[Datetime-SIG] Another round on error-checking

Tim Peters tim.peters at gmail.com
Mon Aug 31 22:17:27 CEST 2015

>>     def __hash__(self):
>>         if self._hashcode == -1:
>>             tzoff = self.utcoffset()
>>             if tzoff is None:
>>                 self._hashcode =
>> hash(self.replace(first=True)._getstate()[0])
>>             else:
>>                 days = _ymd2ord(self.year, self.month, self.day)
>>                 seconds = self.hour * 3600 + self.minute * 60 +
>> self.second
>>                 self._hashcode = hash(timedelta(days, seconds,
>> self.microsecond) - tzoff)
>>         return self._hashcode
>> So it's the case that two datetimes that compare true may have
>> different hashes, when they represent the earlier and later times in a
>> fold.  I didn't say "it's a puzzle" lightly ;-)

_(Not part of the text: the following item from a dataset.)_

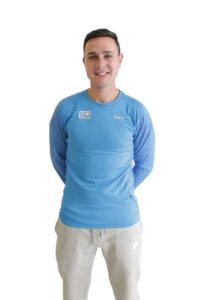 Sergio es nuestro entrenador personal en Valencia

> Yes, it looks like I have a bug there, but isn't fixing it just a matter of
> moving self.replace(first=True) up two lines?  Is there a bigger puzzle?
> Certainly x == y ⇒ hash(x) == hash(y) is the implication that I intend to
> preserve in all cases.

Yes, there's a bigger puzzle:  datetimes expressed in different
timezones can also compare equal.  Conceptually, they're converted to
UTC before comparison - and so also, to maintain the crucial hash
invariant, before being hashed.  That can't work right without using
their actual UTC offsets (i.e,, `first` can't be ignored for interzone
equality, but would be ignored for hashes if forcing `first` to 1 were
done before extracting the offset).

The real problem here is that this stuff just barely managed to work
from the start ;-)  In effect, for the purpose of hashing, _all_
datetimes are converted to UTC first now.  That didn't interfere with
the "naive time" view before because all possible insanities were
blithely ignored in all contexts before.

The easiest way out of this particular puzzle is, I believe, to say
that two datetimes identical except for `fold` do _not_ compare equal.
`fold` breaks the tie in the obvious way (the one with fold==1 is
"greater").  Then __hash__ can continue using the real UTC offset,
just as before.  If a user doesn't force `fold` to 1, then no existing
code will change behavior, at least until they start using 495
tzinfos.  Then `fold=1` can start appearing "by magic" via .fromutc().